Все замолчали, кто-то хихикнул. Егоров, закончив рисунок, протянул Яшке, тот улыбнулся, но как-то смущенно, сунул листок Пельменю в руки. Тот глянул: на бумаге был изображен смешной, но узнаваемый Яшка, который с двумя револьверами в руках держал на мушке трясущихся бандитов в масках и кепках, у ног которых валялось брошенное добро. Андрюха открыл было рот, но тут вошел лейтенант Акимов.

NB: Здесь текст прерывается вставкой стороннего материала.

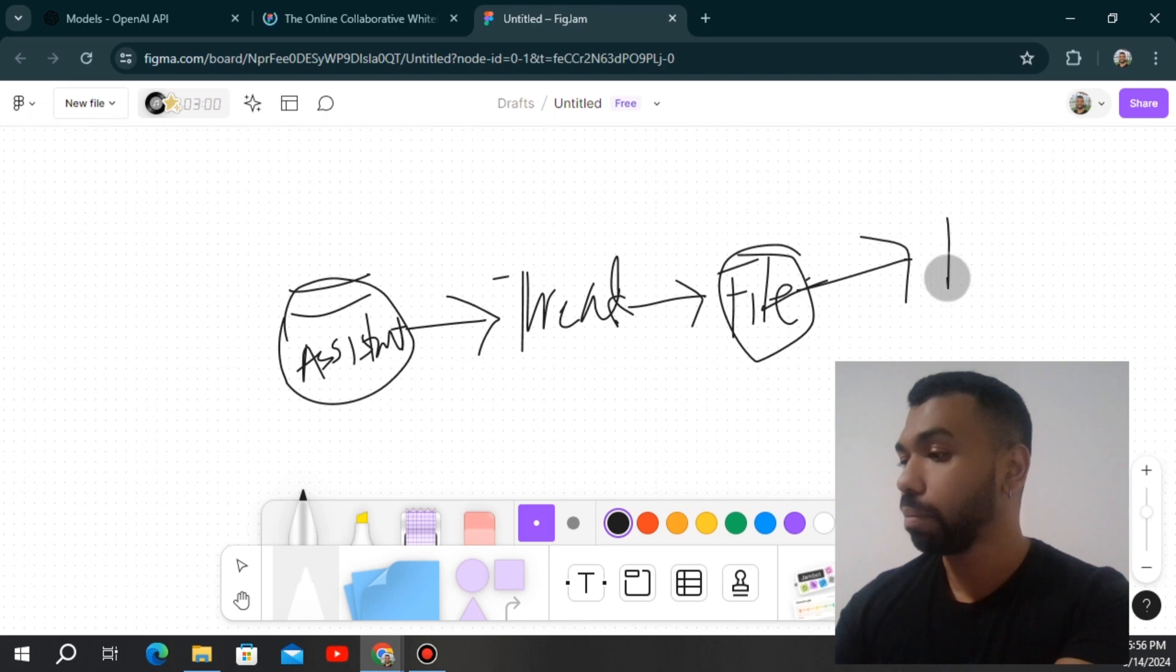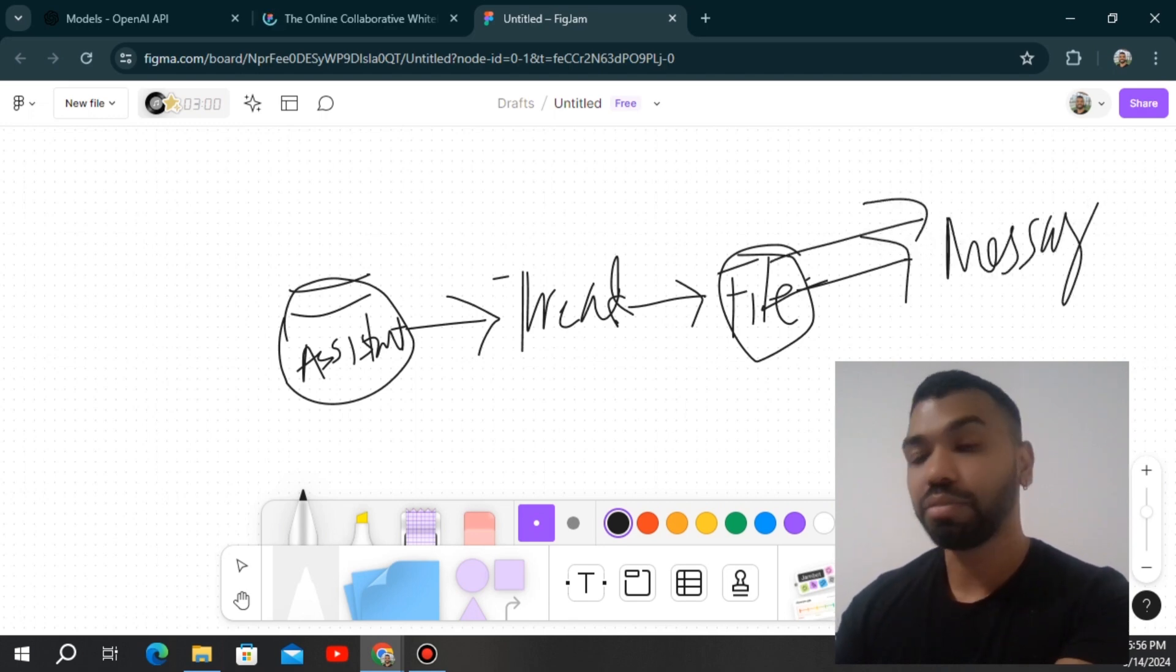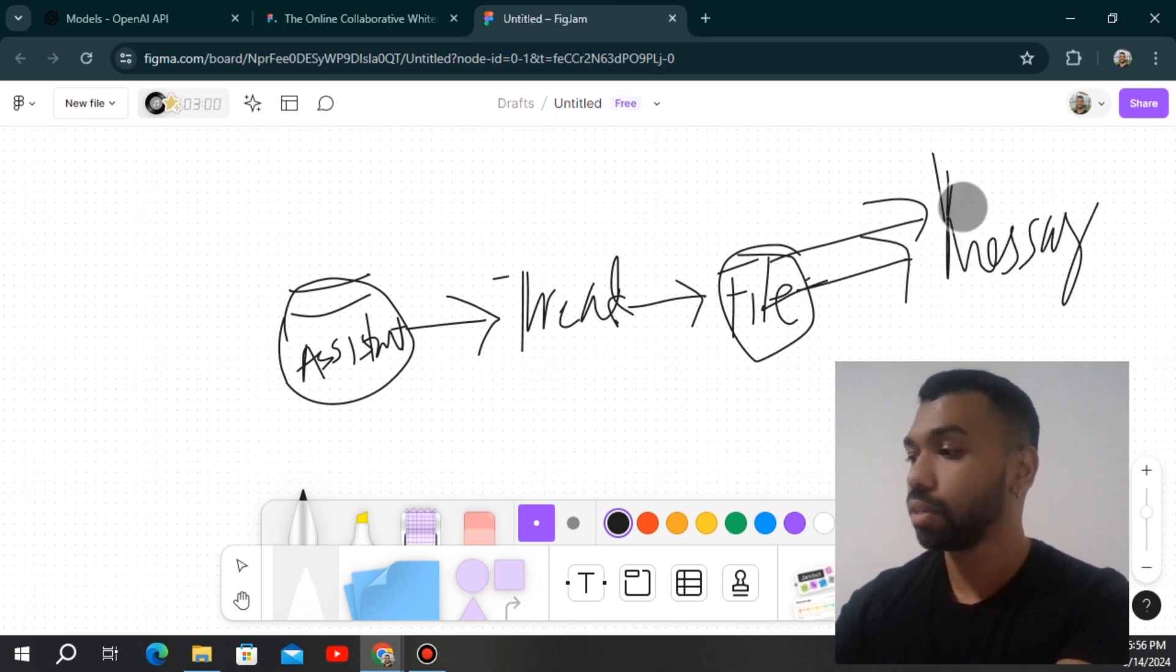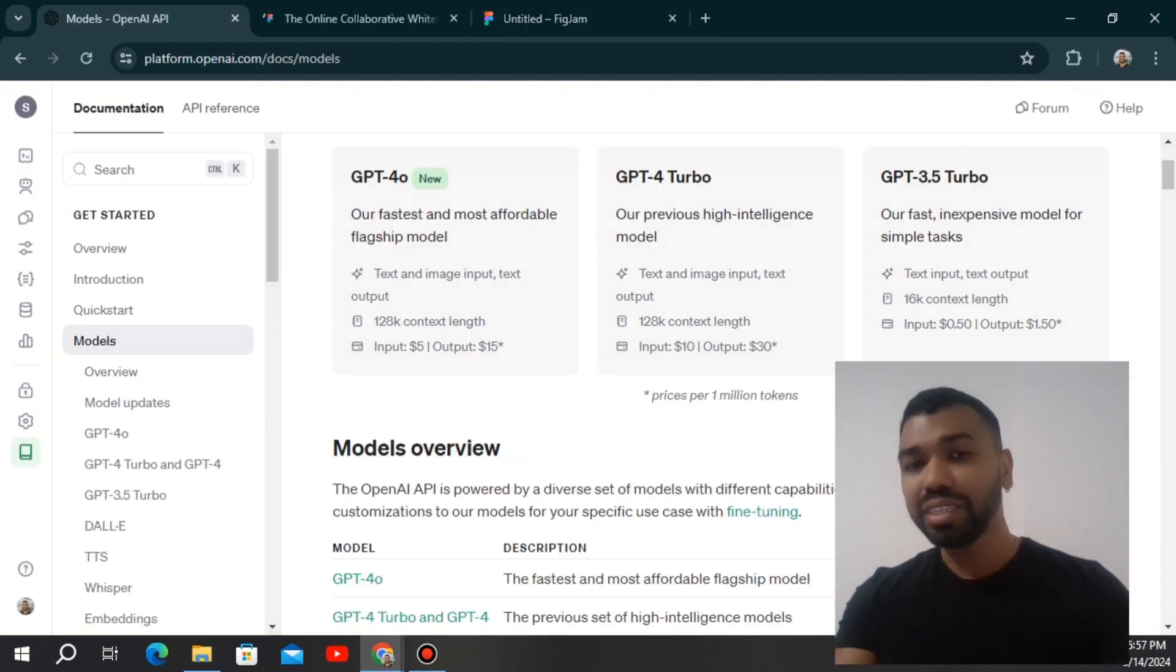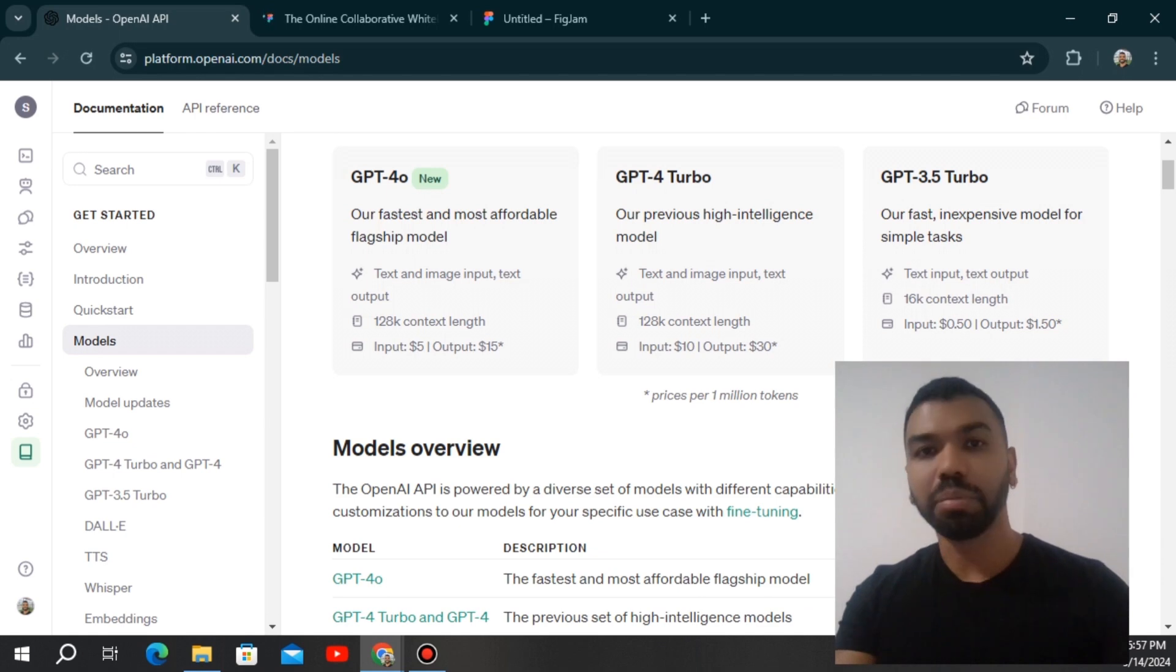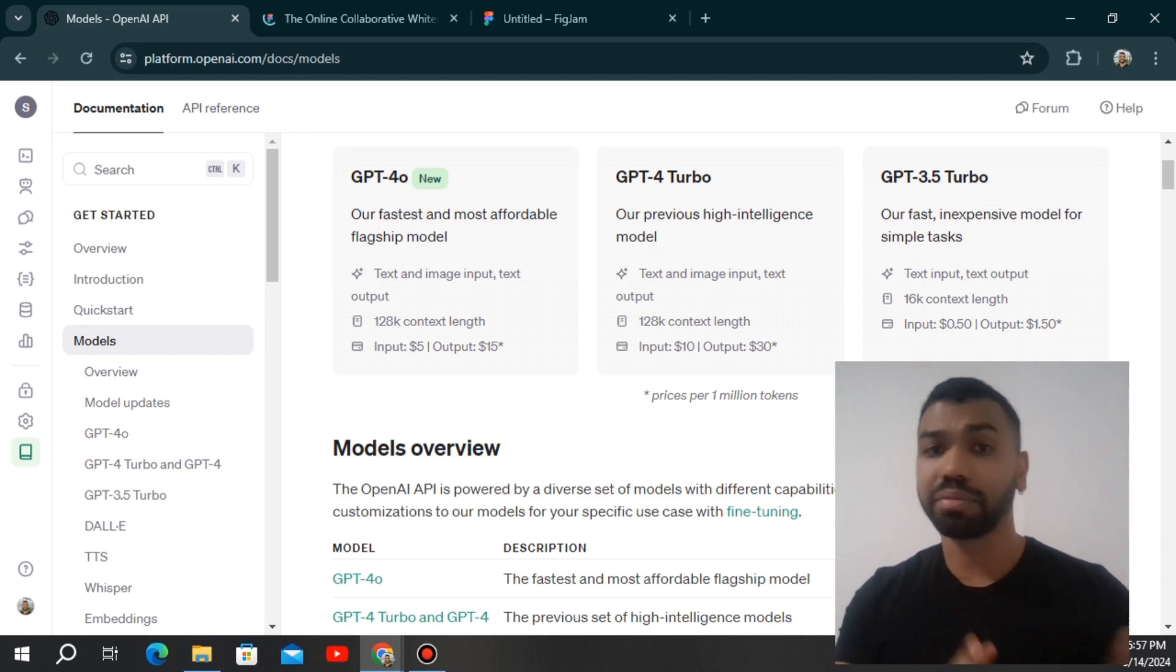And then when you're sending the message, you basically insert this file as a image along with your text. And then you're going to get the assistance response. It's really simple, but it's really important how you implement this into practice, because there's a lot of avenues you can take this.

– Начнем, – не поздоровавшись, прямо с порога провозгласил он, встал у президиума, уперев кулаки в стол.

– Буду краток. Я довожу до вашего сведения следующее: в городе участились случаи ограбления одиноких гражданок…

– Точно, новая операция, – удовлетворенно шепнул Егоров.

– Тишина, – приказал Акимов, и Егоров замолк.

– Способ совершения преступления практически одинаковый: подстерегают в темных местах, угрожают пистолетами, отбирают деньги. Но есть нюанс. Первый случай подобного ограбления зафиксирован именно в нашем районе. Преступник был один, среднего роста, в кепке, лицо закрыто платком…

– …роста среднего, лицом чист, бороду бреет, глаза имеет карие, волосы русые, нос прямой. Приметы особые: таковых не оказалось, – не выдержала Маринка, горячая голова.

– У тебя все? – обождав, спросил Палыч. – Насчет особых примет: есть основания полагать… нет, не основания, теперь твердая уверенность, что преступник, точнее, преступники имеют прямое отношение к вашей дружине.

Комсомольцы, оправившись от шока, принялись галдеть все разом:

– Как?

– Это почему?!

– Факты?!

– Этак что угодно можно наболтать!

– Обвинять честных людей!

– Что за безобразие?!

– Мы в суд…

– Товарищи, не забывайтесь, – повысив голос, сказал Акимов. – Если я говорю, что основания есть, то это так, и никак иначе.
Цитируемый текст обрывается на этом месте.